Sentence collection tool development topic

DNGros · January 3, 2019, 12:07am

I’m excited to see this up and running! Common voice is shaping into a really powerful dataset, but I’ve worried for a while whether there was enough sentence diversity in the dataset. Thanks for your work on this tool.

Below are listed some things where I had to second guess myself when reviewing or writing. These are areas where there might be need for better reviewer/submitter guidelines or candidates for a FAQ section for the guidelines.

Autovalidation specific issues

Should acronyms really be ruled invalid?
The current guidelines and autovalidator don’t allow abbreviations and acronyms because they are can be pronounced many ways. However, in my opinion the fact that they can be pronounced in fact makes them valuable to a dataset, not harmful. A STT/ASR system must be able to handle all the many ways users pronounce words and have a rich enough language model to capture acronym correctly. Pronounced acronyms like “FIFA” or “LIDAR”, as well as “spelled out” acronyms like “CO2”, “USB”, “FC Barcelona”, “FAQ” are common parts of language and potential user queries. I think they should be included in the dataset.
Longer max length
The current max length is set at 14 words. This is fairly short, and I found several the sentences I wrote being rejected. I would say in general we shouldn’t disallow longer sentences, as it is important for practical STT/ASR systems to be able to handle longer sentences (the one you are finishing reading is 24 words). More datadriven analysis could be done on what is typical sentence length for spoken sentences, but I would vote 30 words is a sensible max.
Number words
Certain words which include digits. It seems these should not be spelled out and digits should not be auto-rejected
Ex: “San Francisco 49ers”, “H2O”, “5G wireless network”.

Usability features

Inform user why sentences were autorejected (length, digits, abbreviation, etc).
Bug: Hitting “submit” on the add sentences form sometimes does nothing. For example when I tried to just copy and past the 438 sentences I wrote here https://pastebin.com/C0YpxtSJ it will not accept it and fails without any user feedback. Certain subsets of the paste are able to progress to the next screen. I’m not able right now to investigate further what is happening, but is is some bug. If I figure that issue out I can open an issue/PR on github.

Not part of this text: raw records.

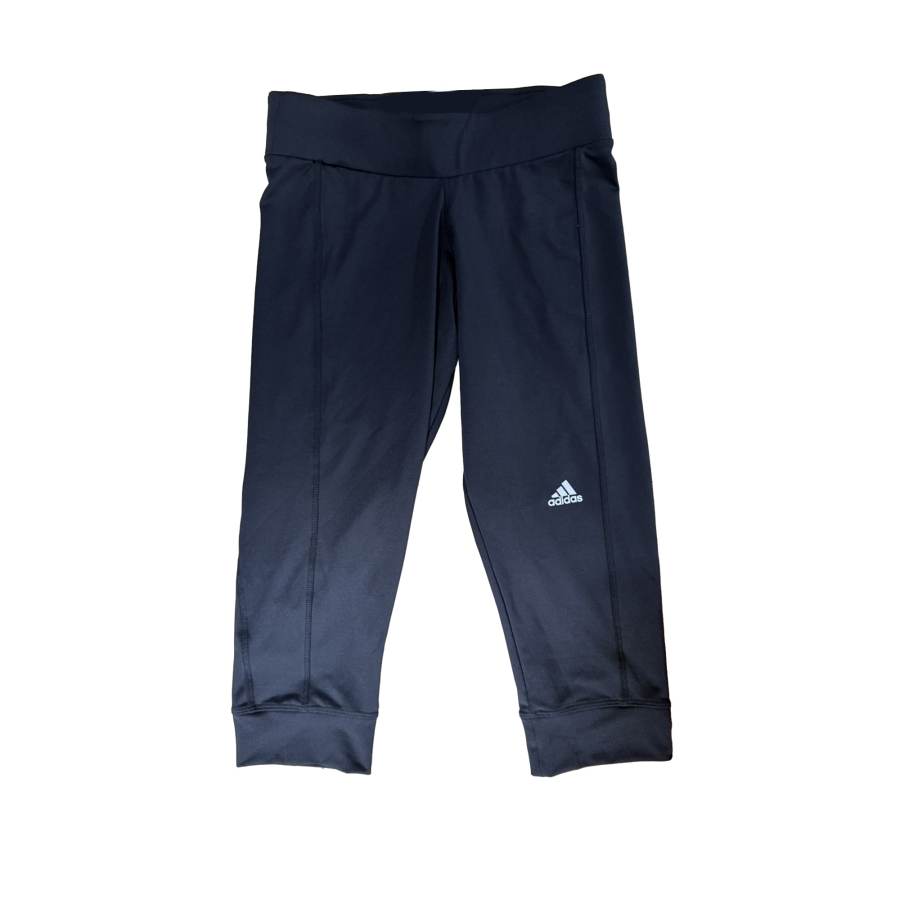 Adidas Adidas Casual Pants Unisex Black Moderate Other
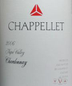 Chappellet Chardonnay Napa Valley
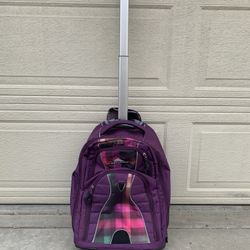 High Sierra Rolling Backpack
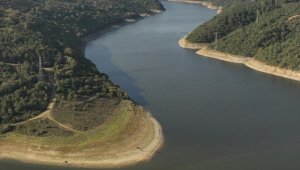 İstanbul'daki barajların doluluk oranı yüzde 42,99 oldu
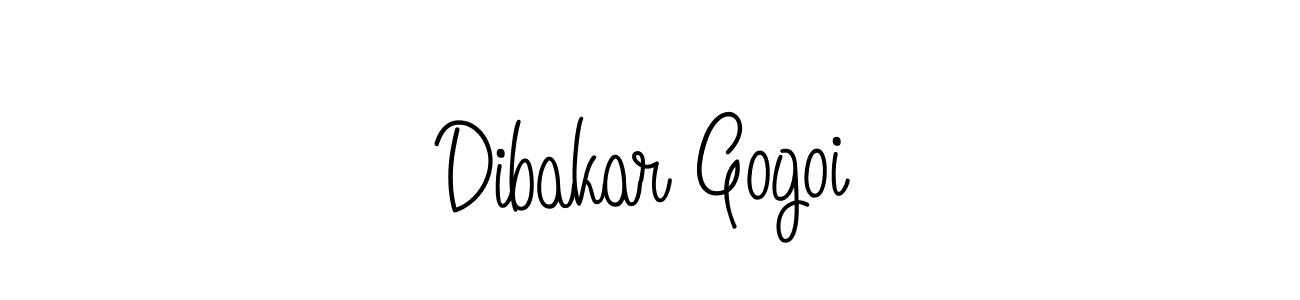 This is the best signature style for the Dibakar Gogoi name. Also you like these signature font (Angelique-Rose-font-FFP). Mix name signature. Dibakar Gogoi signature style 5 images and pictures png
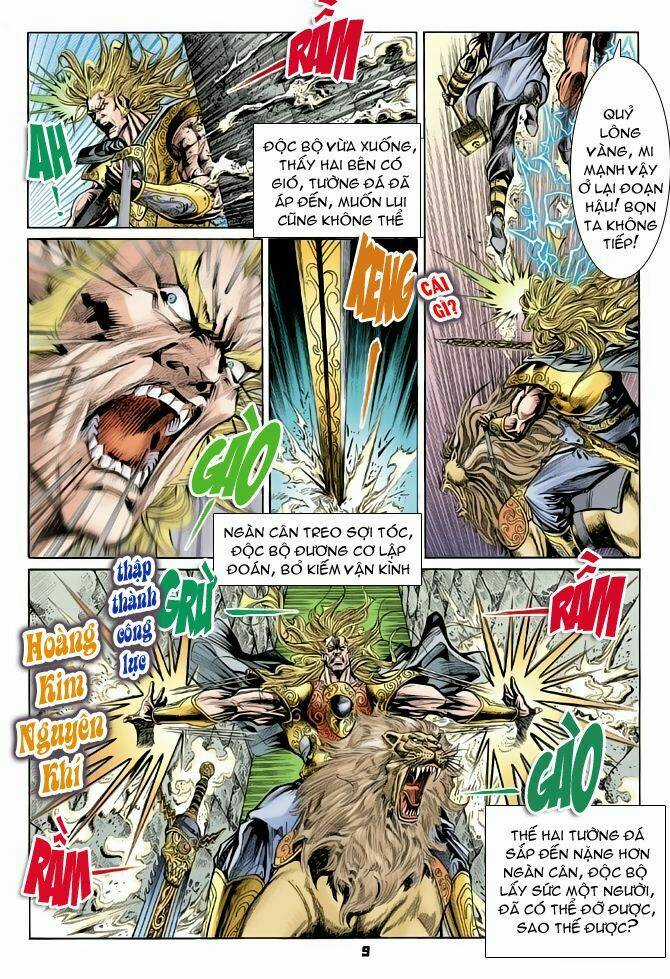 Thiên Tử Truyền Kỳ 4 - Đại Đường Uy Long Chapter 50 trang 8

Potential areas for improved guidlines

Is incorrect capitalization incorrect?
Ex: “I’ve heard that this hainanese chicken rice tastes amazing!”
hainanese should be capitalize.
However, this should not effect pronunciation and I would vote that the guidelines rule this valid.
Should misplaced commas be invalid?
Ex: “If we’re in London, and trying to download a cat picture from a website, based in Australia, fetching the data results in a lot of hops along a lot of networks.”
The comma after “website” is unnecessary and implies an unnatural pronunciation.
Ex: “We also emit CO2 when we burn fossil fuels to keep places we work well-lit and depending where you are in the world warm or cool enough to work in.”
This really should have some commas to be “grammatically correct”. However, it is still pronounceable, and thus could be accepted if that is what the guidelines encourage.
Clarify that dates are numbers which should be spelled out.
Ex: “In 2017 we saw an increase in growth.”
This might not be clear form the current guidelines
Hyphen in numbers or not? Or are both valid.
“nineteen eighty-eight” or “nineteen eighty eight”
emdashes
Ex: “When we look at this map, it gives us an idea of how clean the emissions are likely to be, on average for a country - for example we can see that in France, with its heavy reliance on nuclear energy, generating a kilowatt hour of electricity than Poland, which is heavily invested in coal.”
This sentence would good challenge to a system and is grammatically valid (other than the fact that it uses a hyphen rather than an em dash). However, a pannel2 of human transcribers given only the audio probably would not agree on the transcription as both a period and a dash sound similar. So it seems like this should be invalid. Agreed?
Should foreign characters common in a language be allowed?
For example: letters with diacritics sometimes appear in English when using words (especially foreign proper nouns) like “Nestlé”, “L’Oréal”, “exposé”, " José", and " Sofía". Should these be allowed? Currently they would get autorejected.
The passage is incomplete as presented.